When done correctly, its simplicity is as stunning as it is pleasing. Some tender chicken straight off the charcoal grill and a peanut sauce that combines the sweetness of palm sugar or honey with the refreshing heat of ginger and the bite of fresh garlic are all it takes to make for a great meal. Throw in some exhaust fumes from about a million mopeds, and one is immediately transported to a street food stall in Bangkok. If done poorly, satay just might make you wish you had ordered a ham sandwich.

I wish I had ordered a ham sandwich.

Don’t let the zen-like sparseness of the dish pictured fool you. No meditating master chef was at work here. The uniform color made the alarms go off, before I had even tasted the skewered insulating foam on the plate in front of me: where were the grill marks? Where the scent of charcoal? Instead these appeared to have come straight out of the kitchen appliance from hell: the deep-fryer. (The only thing worse than satay out of a deep fryer is Wiener Schnitzel.) The crust did have an amazing ability though. While being cool to the touch, it managed to conceal behind its dry barrier relatively moist chicken, at a core temperatur of what I’d guess to have been around 397°C. The resulting burns on my tongue did manage to make the next course, tom kha gai, more bearable.

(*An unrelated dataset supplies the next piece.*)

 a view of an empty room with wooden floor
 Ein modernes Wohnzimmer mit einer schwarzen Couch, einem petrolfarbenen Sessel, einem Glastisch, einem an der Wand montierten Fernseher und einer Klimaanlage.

But what about the sauce? This I had hoped would be the saving element, the deciding goal in the 90th minute of the World Cup final, turning desaster into delight. But alas, the shot went straight over the cross bar. Thin, uneventful and boring. But strangely enough, I wish there had been a little more of it. Because the last two skewers were rather dry and drab all on their own.

The beer was an Erdinger Weißbier. Light and refreshing.

All in all a pretty lame Number 22. While not inedible it left me pining for the real thing. Minus the mopeds.